The long-term goal of the laboratory is to understand the molecular events that lead to herpes simplex virus (HSV) entry into the cell. These studies led us to the design of oncolytic herpes simplex viruses retargeted to receptors specifically expressed on cancer cell, and to investigate some aspects of the innate response of the cell to invading HSV, in particular the role of integrins as sensors of pathogens, in synergy with Toll Like Receptors.
Molecular basis of herpes simplex virus (HSV) entry into the cell and exit out of the cell
Viral glycoproteins and cellular receptors. Four viral glycoproteins, gB, gD, gH and gL are essential for HSV entry and spread, a process that additionally requires one of several different receptors. In the late 1990s this and another laboratory independently discovered that nectin1, an immunoglobulin-like intercellular adhesion molecule, serves as a receptor for HSV. An alternative receptor is HVEM (HVEA), a member of the TNF receptor family. Studies on the roles played by each of the glycoproteins showed that gD, in addition to serve as receptor-binding and major determinant of HSV tropism, also signals receptor-recognition to gH/gL and gB, and thus triggers fusion of the virion envelope with cell membranes. Indeed, gD ectodomain is organized in two topologically and functionally distinct regions. The N-terminus (aa 1-260 of mature gD) carries the receptor binding sites. The C-terminus (aa 260-310) carries the pro-fusion domain (PFD) required for the triggering of fusion but not for receptor binding. These studies led to a model of activation of the fusion glycoproteins mediated by the binding of gD to one of its receptors.
Integrins: additional cellular receptors which interact with HSV gH/gL. Is gD the only receptor-binding glycoprotein in HSV? The heterodimer gH/gL, which – together with gB - is part of the fusion apparatus conserved across the Herpesviridae family, physically interacts with αvβ3-integrin as well as with other integrins.

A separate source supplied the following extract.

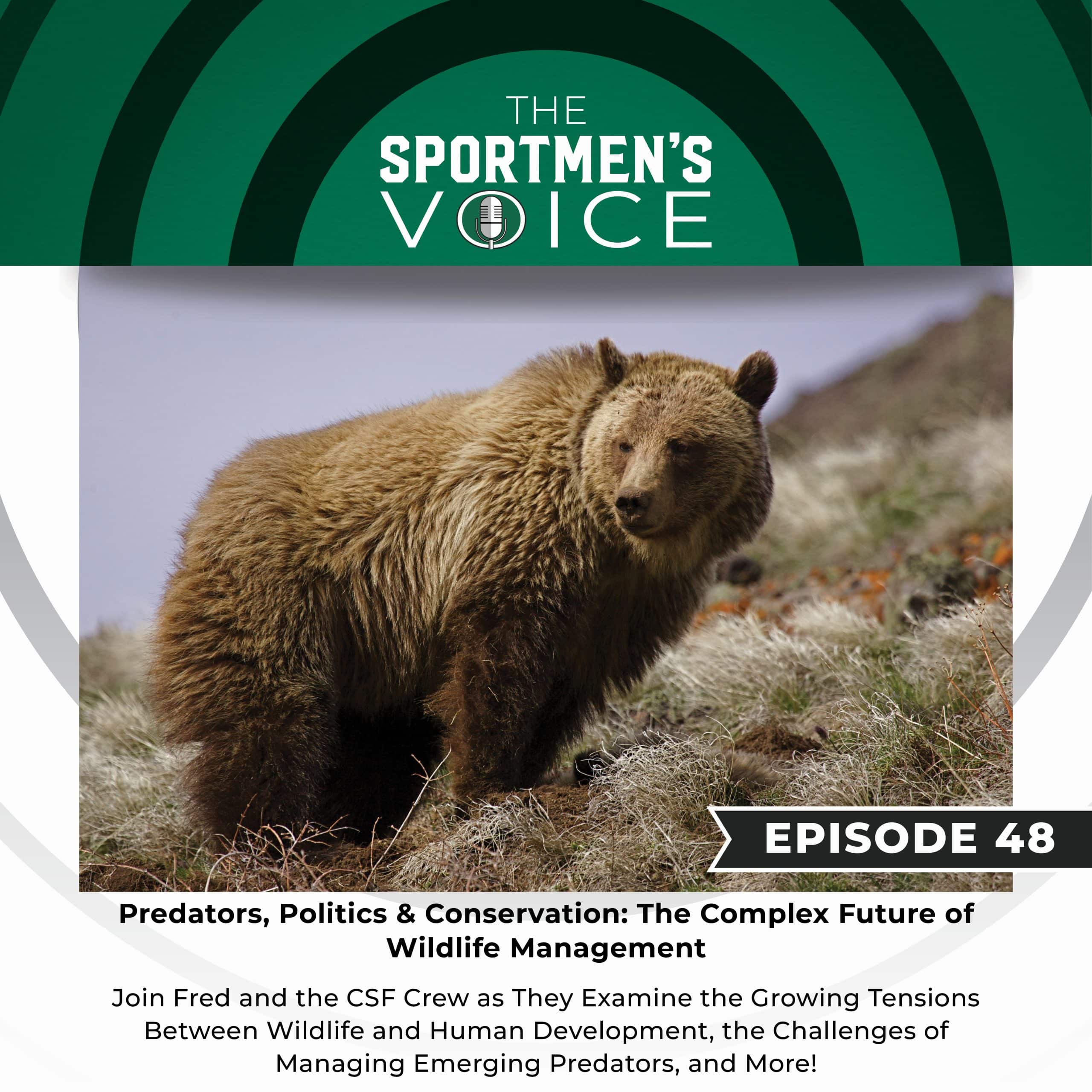 Predators, Politics & Conservation: The Complex Future of Wildlife ...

αvβ3-integrin is a determinant of the pathway of HSV entry. HSV may enter cells through multiple alternative pathways: fusion at plasma membrane, endocytosis into neutral or acidic endosomes, followed by fusion with endosomal membrane, and, perhaps, macropynocytosis. The cell, not the virus, determines the choice as to which pathway of entry is taken by HSV. This laboratory has demonstrated that a determining factor is αvβ3-integrin, which relocalizes the nectin1 receptor, hence HSV, to cholesterol-rich microdomains, from where the HSV in endocytosed in a pathway dependent on dynamin2 and acidic endosomes.
Design and preclinical efficacy of oncolytic HSVs retargeted to cancer-specific receptors
Herpes simplex virus 1 (HSV-1) has numerous properties desired for an oncolytic agent. Virtually all HSVs that have been or are in clinical trials to date as oncolytic agents carry mutations that attenuate the virus, and enable its replication in a subset of tumors, deficient in innate response to the virus. The goal of the laboratory is to generate non-attenuated oncolytic HSVs, by reprogramming the entry apparatus of HSV. Essentially, we genetically engineer HSVs and target them to specific receptors present in cancer cells. The retargeted oncolytic HSVs no longer infect normal cells, yet retain the full-blown killing capacity of wt-HSV. Retargeting of HSV to cancer-specific receptors has been achieved by insertion of a novel ligand in a position of gD that leaves the glycoprotein capable of responding to receptor recognition, and to trigger fusion. The target receptor that we have selected is the HER2/neu receptor, a member of the EGFR family overexpressed in 25-30 % of breast and ovarian tumors. Because HER2/neu lacks a natural ligand, we engineered in gD a single chain antibody (scFv) to HER2/neu. Overall, the insertion almost doubled the size of the gD ectodomain, yet left gD functional. In an alternative construct, we deleted the Ig folded core of gD and replaced it with the single chain antibody to HER2. The HER-2-retargeted HSVs have lost the ability to interact with the natural HSV receptors HVEM and nectin1; hence, they exhibit a high safety profile when injected in mice. Importantly, in collaborative studies with the team Lollini-Nanni-De Giovanni (DIMES, University of Bologna), the HER-2-retargeted HSVs was shown to exert anti-tumor activity in nude mice carrying human ovarian or breast cancers. When administered by the intraperitoneal route, they also cured metastatic diffusion of human breast and ovarian cancer cells in the abdomen of laboratory mice.
HER-2, along with other receptors, is expressed also in glioblastoma, a highly malignant form of brain cancer. In collaboration wih dr Paolo Malatesta (Department of Translational Oncology, Genova, Italy), our laboratory has provided evidence that the HER-2-retargeted HSV exerts anticancer activity against glioblastoma in murine models.